Mais le 24 février, tout a basculé. La Russie envahit l’Ukraine et la vie de ses habitants est chamboulée. «Maintenant, tout le milieu culturel se retrouve dans un état d’incertitude», ajoute Andrii Yankovskyi.
Un retour petit à petit
Dans les États occupés de l’est, «la vie est un enfer sur terre» où toute la culture est mise sur pause, souligne Diana Berg, du centre culturel TU à Marioupol. Mais dans les régions de l’ouest, plus tranquilles, la vie culturelle reprend petit à petit.
Là où on trouve un semblant de normalité – «quand il n’y a que trois missiles qui fendent le ciel, c’est une journée normale» – les événements culturels qui se déroulent ont tous le même but: amasser des fonds pour soutenir l’armée et les Ukrainiens, en plus de sensibiliser le reste du monde à leur réalité.
«Au début, on fait tout pour aider l’armée.
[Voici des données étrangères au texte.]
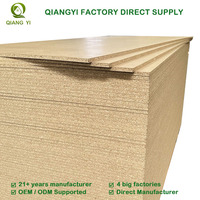 Panneau de particules mélaminé 18 mm 4x8 pieds |   Panneau de particules imperméable pour la fabrication de meubles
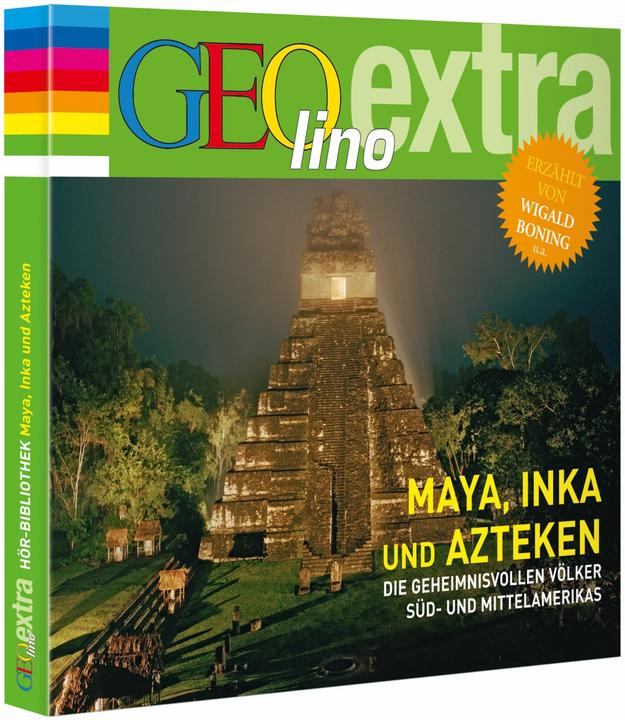 Produktbild Maya, Inka und Azteken - Die geheimnisvollen Völker Süd- und Mittelamerikas (Martin Nusch, Wigald Boning, Deutsch)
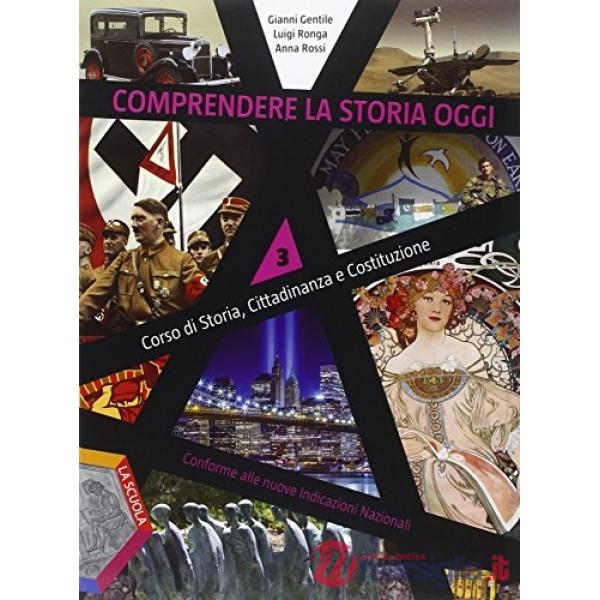 COMPRENDERE STO OGGI 3 + CD KIT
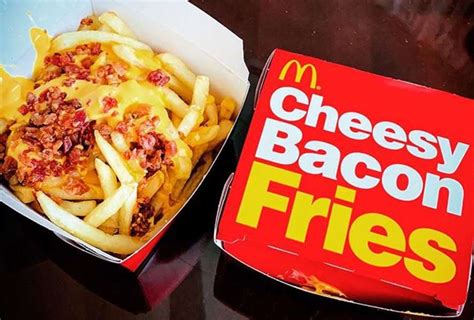 McDonald's Cheesy Bacon Fries
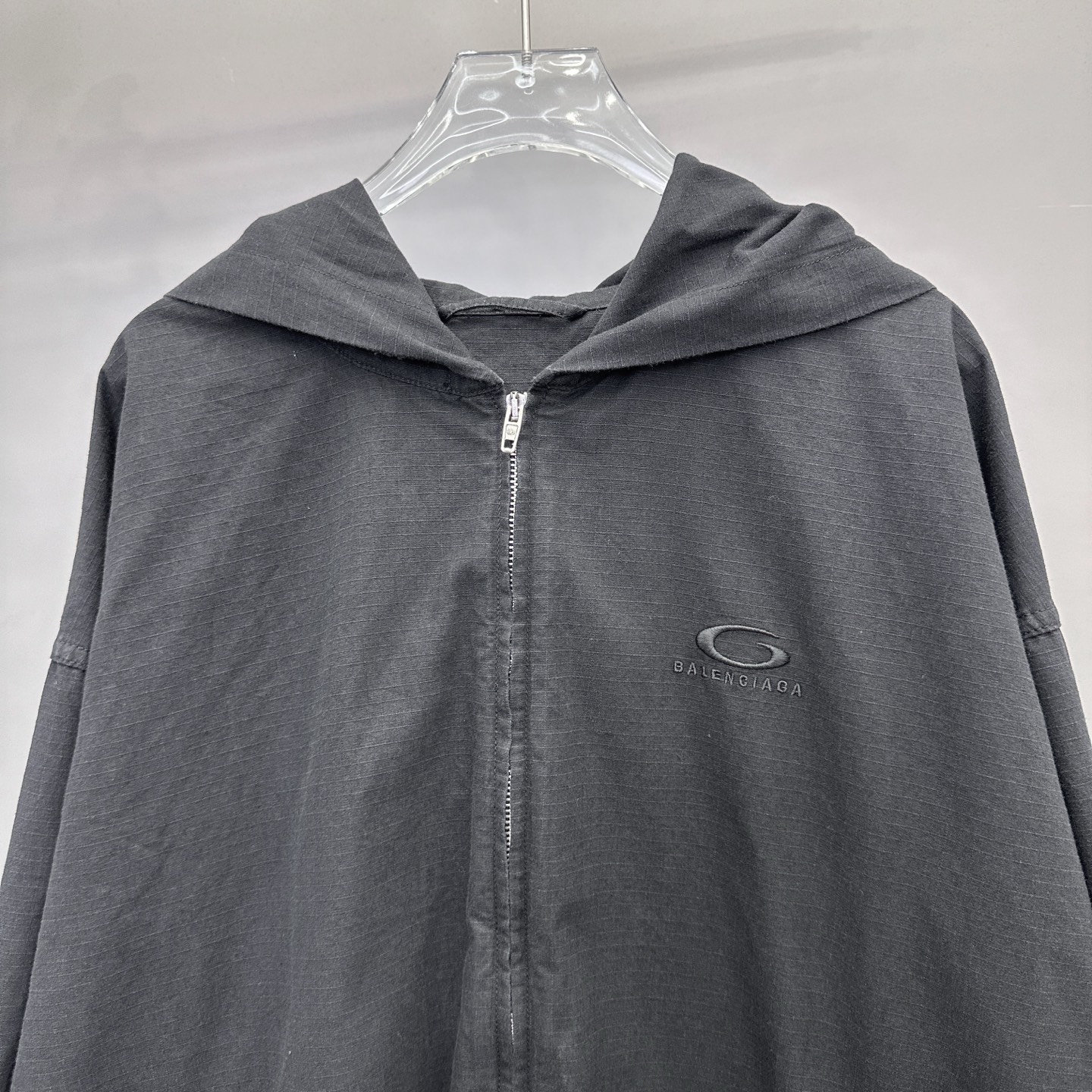 巴黎 ｜ 新款休闲外套，成衣洗水喷色工艺加经典刺绣标，100%高密棉面料，男女同款，尺码sml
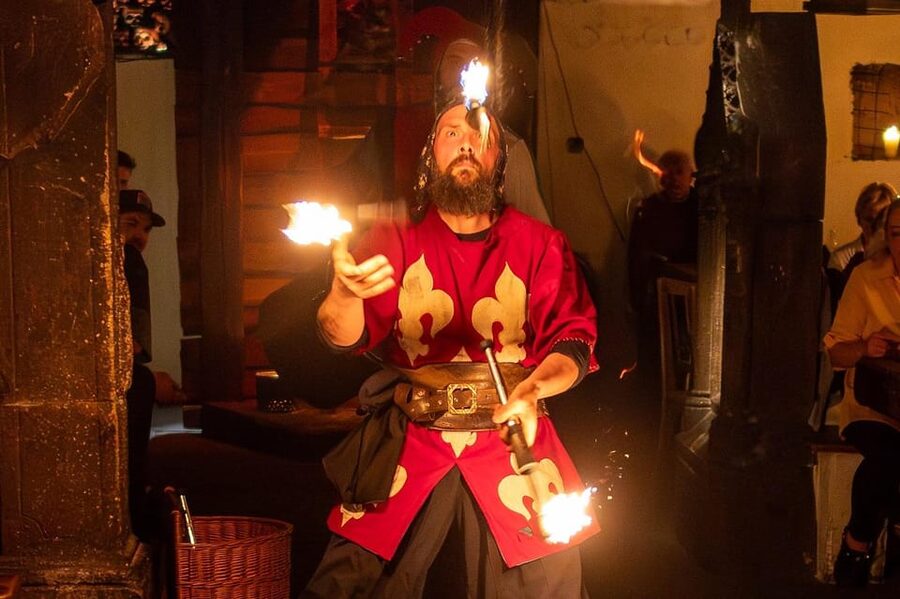 From Prague: Medieval Dinner, Show, Castle and Brewery - Practical details that affect your evening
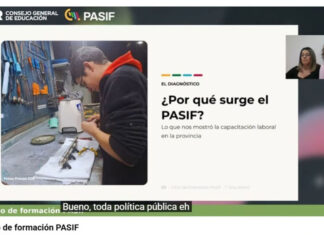El CGE inició un programa para adaptar la capacitación laboral a las demandas de cada región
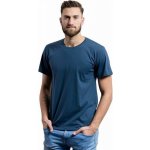 CityZen bavlněné pánské triko proti pocení kulatý výstřih modré – Zboží Mobilmania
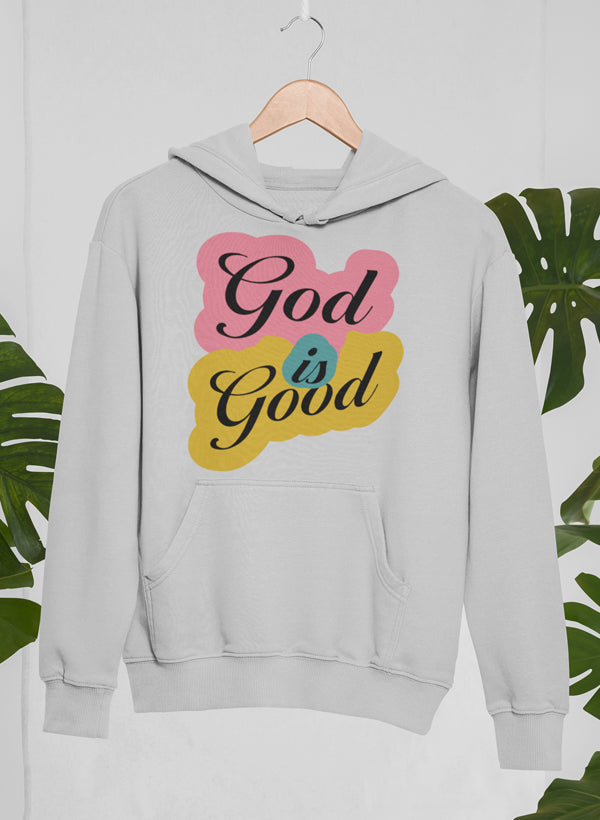 Bluza z kapturem God Is Good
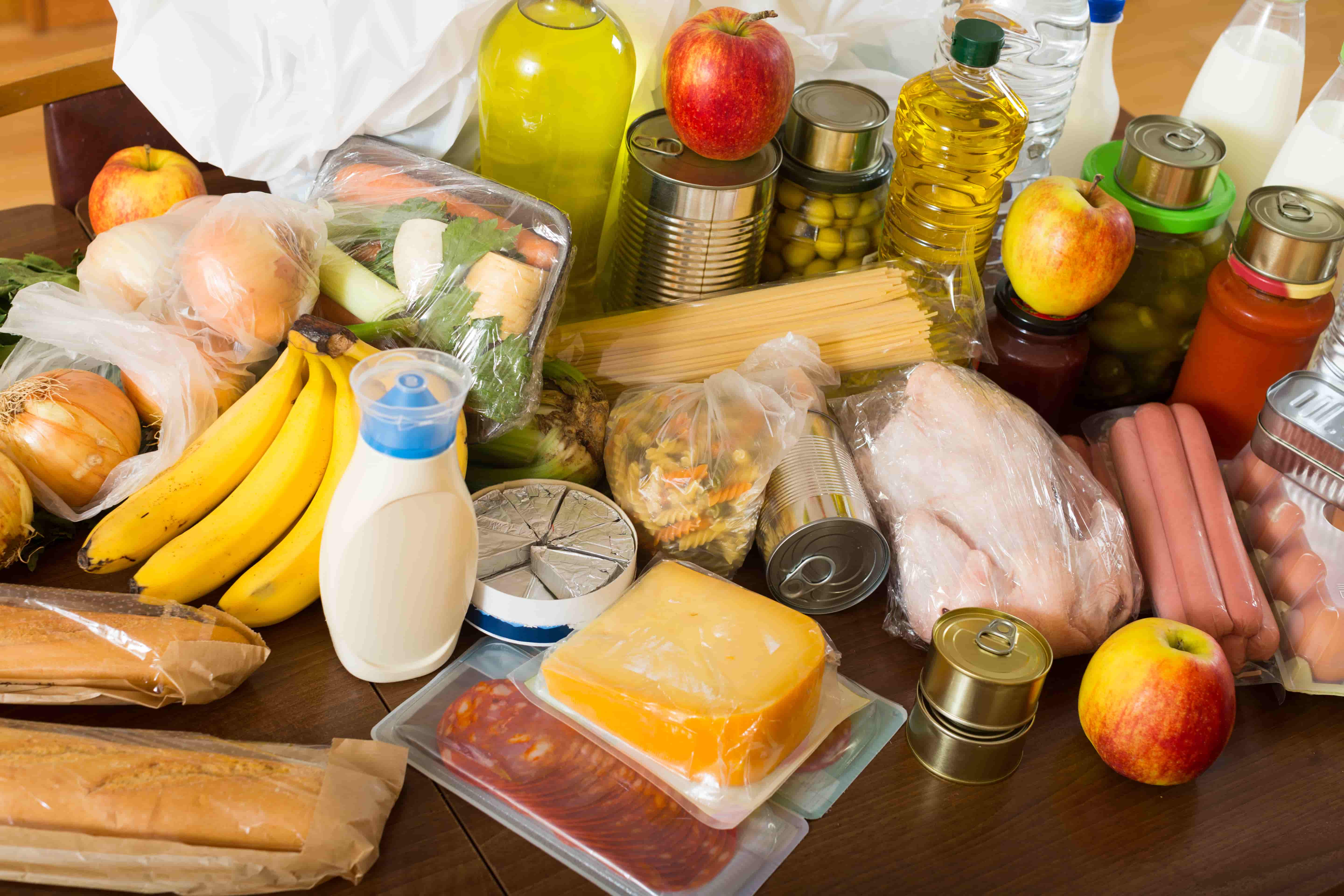 Groceries & Daily Needs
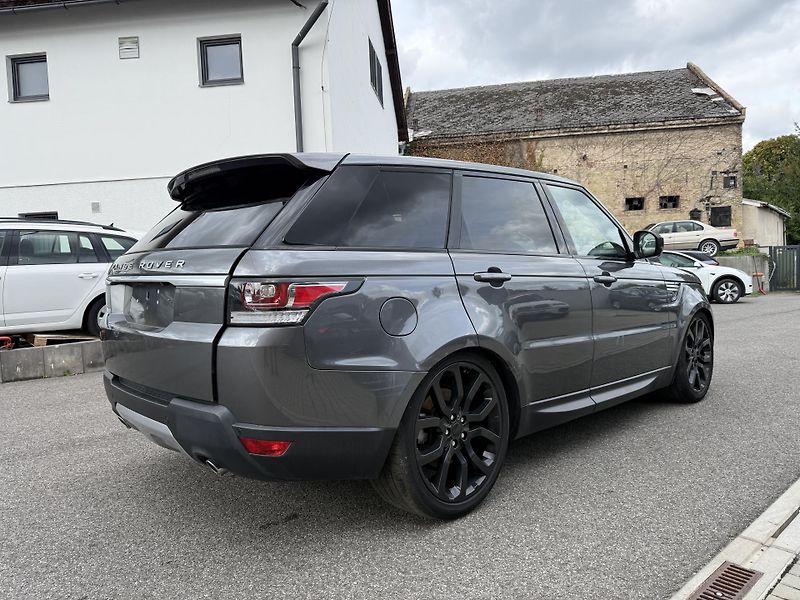 Land Rover Range Rover Sport BEZ TECHNICKÉHO PRŮKAZU - fotka 4 z 20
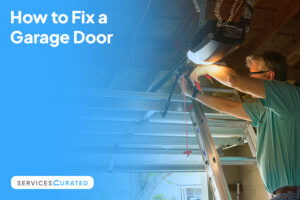 How to Fix a Garage Door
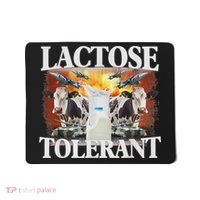 Lactose Tolerant Meme Funny Oddly Specific Dank Meme Mousepad thumb 0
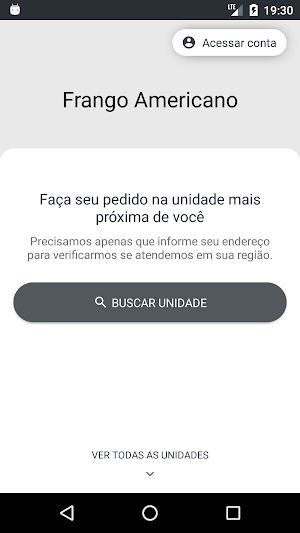 Frango Americano Screenshot 0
Puis, on comprend qu’il faut que l’on continue de vivre et que l’on doit normaliser la vie en temps de guerre le plus possible. C’est très difficile de rester mobilisé émotionnellement et mentalement et les activités culturelles sont très thérapeutiques et bien accueillies, même dans les villes près des lignes de front», illustre Diana Berg.
À la source de l’information
Fundradio, une initiative qu’Andrii Yankovskyi a mise sur pied, en est une. Presque chaque jour, vers 16h20 heure locale, on peut entendre des musiciens et des DJs, mais aussi des citoyens venus expliquer comment se déroule la vie à Kyïv en temps de guerre en direct du quartier Podil, qualifié comme le moteur de la scène underground ukrainienne.
«J’étais en Équateur quand l’invasion a commencé. Plutôt que de revenir chez moi, j’ai décidé d'aller quelque temps [ailleurs] en Europe. C’est là que j’ai constaté que l’idée que se fait le reste du monde de la guerre chez nous n’est pas tout à fait exacte. J’ai donc pensé à faire cette émission de radio pour offrir de l’information légitime en anglais sur la situation, mais aussi pour promouvoir nos artistes», explique-t-il.
Défendre les valeurs démocratiques
Plus que jamais, la culture agit comme véritable défenderesse des valeurs démocratiques et des droits humains, et c’est pourquoi il est important de la maintenir en vie malgré la guerre, affirme Diana Berg.
«Les Russes veulent délibérément exterminer la culture, l’histoire et l’identité ukrainienne. On l’a vu lorsqu’ils ont détruit les institutions historiques de Marioupol et d’ailleurs», dit-elle.
Elle plaide pour le développement de pratiques commémoratives afin de ne jamais oublier qui sont les Ukrainiens. «L’après-guerre sera une époque intéressante pour nous. Je crois que l’on assistera à une renaissance de la scène artistique ukrainienne et de la place de nos artistes dans le monde.»
«Nous voulons que le monde comprenne que l’Ukraine est totalement indépendante et séparée de la Russie. Notre culture est différente, nous voulons la préserver et c’est pourquoi nous lui donnons une voix aujourd’hui», conclut Andrii Yankovskyi.